ABCDEFGHIJKLMNOPQRSTUVWXYZabcdefghijklmnopqrstuvwxyz
0123456789
-._~
:@!$'()*+,=/?&#;

This API is basically broken because it does not allow you to specify significant path characters. For example, if the filename actually contained a /, then you cannot use this function to generate the serialized url for that resource.

The only way to actually implement this correctly would be to provide an API like:

generate_url(protocol, authority, host, port, path, query)

where path is a list of path parts and query is a container which supports association.

For example, if you are generating an url with a query string, you probably do not expect to escape to:

http://path/to/resourse%3fname%3Dvalue%26q%3Dtrue


Phoenix Linden added a comment - 01/Feb/08 11:44 AM
We can change this to a different set of characters, eg, escape everything other than alpha-numeric.

I see that curl uses this scheme – I can roll in that change in quickly.


Andy Enfield added a comment - 01/Feb/08 01:09 PM
Lex, it's a new issue -> was quite nicely sending llEscape-d strings offworld via httprequest the day before the rolling update; now it's failing.

Phoenix, that set of characters escaped beautifully before, so it's really a new issue, the API broke this week.


Andy Enfield added a comment - 01/Feb/08 01:13 PM
And a quick fix would be much appreciated — many thanks if you can.

Basically, as of mid last week (the last time I checked), it was perfectly possible to do something like ...

string url = "http://www.mywebsite.com/feedback.php?NAME=" + llEscapeURL(name) ...

and if name was set to e.g. "black & white", then it would escape and pass out perfectly.


Phoenix Linden added a comment - 01/Feb/08 01:18 PM
Code already fixed internally. It's in QA. I will resolve this when it passes QA. We'll ship this ASAP.

Phoenix Linden added a comment - 01/Feb/08 01:34 PM
The wiki document and expected behavior have been updated to be more exact to reflect the version in testing.

Lex Neva added a comment - 01/Feb/08 01:44 PM
So just to be clear here... something changed that wasn't supposed to change, and you've changed it back, right Phoenix?

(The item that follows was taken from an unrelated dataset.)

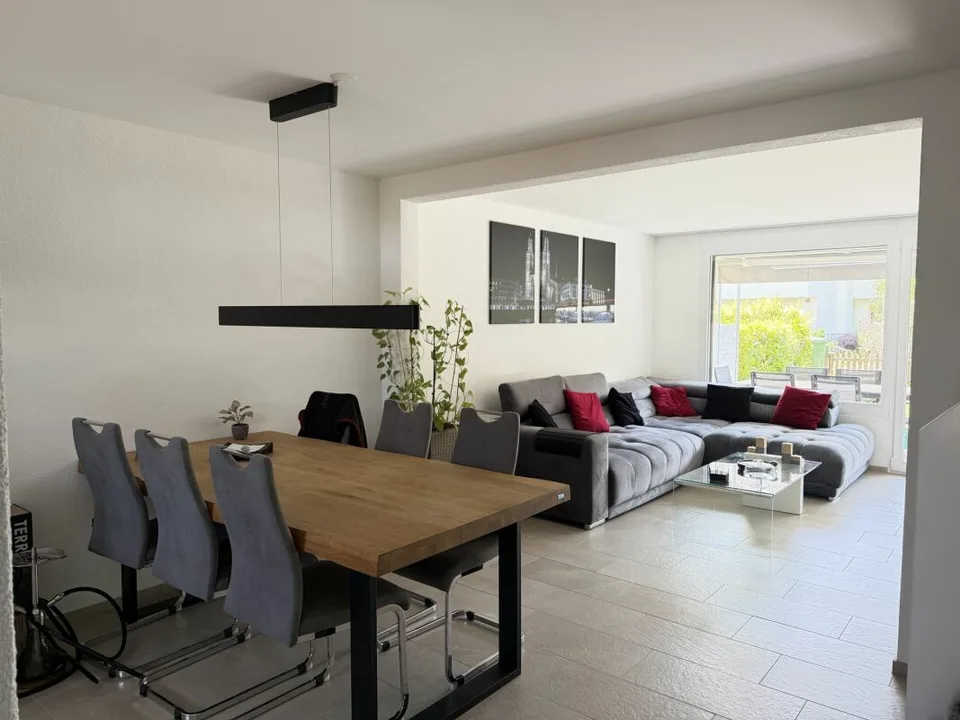 Sogno di famiglia moderno con giardino privato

As to your first comment, I do understand the predicament. It makes sense that you chose not to escape characters that are legal in URLs... but I think you see why we're in a pretty tough place. I, for example, use llEscapeURL() to escape things that I'm passing as query string argument values... ie

string url = "http://www.myserver.com/something.php?argname=" + llEscapeURL(somestring);

I expect that to work akin to a mysql_escape_string type thing, where I'm making data "safe". If ampersands make it through llEscapeURL() unscathed, then I need to implement my own url-escaping function... and in LSL, since we don't have a text search-and-replace function, much less regular expressions, this is a severe pain in the ass.

One more argument for escaping everything non-alphanumeric: It's easy to work around the case that you didn't want things like &=# etc to be escaped. Just don't pass the entire URL to llEscapeURL() (who would do that anyway?); instead build the URL part-wise like I showed above, passing each path segment in and escaping it individually. On the other hand, it's hard to work around a llEscapeURL() that doesn't escape &=#, because you'd essentially have to write your own escaping function. Bleh.

Sorry if this is a moot point.


Lex Neva added a comment - 01/Feb/08 01:46 PM
More clarification needed: I see you removed the notes on the wiki about the 255 character limit that llEscapeURL() seems to have. Is that because that limit was fixed?

enus linden added a comment - 01/Feb/08 05:27 PM - edited
fix is actually in 1.19.0 server, but that value isn't available in the Fix version menu yet.

is working again, hooray for URL escaped strings!


Keiko Rau added a comment - 01/Feb/08 06:31 PM - edited
Ive just spent the last 7 hours debugging this. Like Lex (I think it was - cant see previous comments right now) I use llEscapeURL to clean up POST data that Im sending to a web site. This is definately NOT fixed in 1.19.0 server.so ive reopened the issue. My problems began with the change to 1.19.0

Right now Im testing in Woodbridge, which happens to run 1.18.6 with the havoc beta, and is right beside a 1.19.0 server. Jumping across the border, scripts that work in 1.18.6 (and have worked fine for months now) fail in 1.19.0.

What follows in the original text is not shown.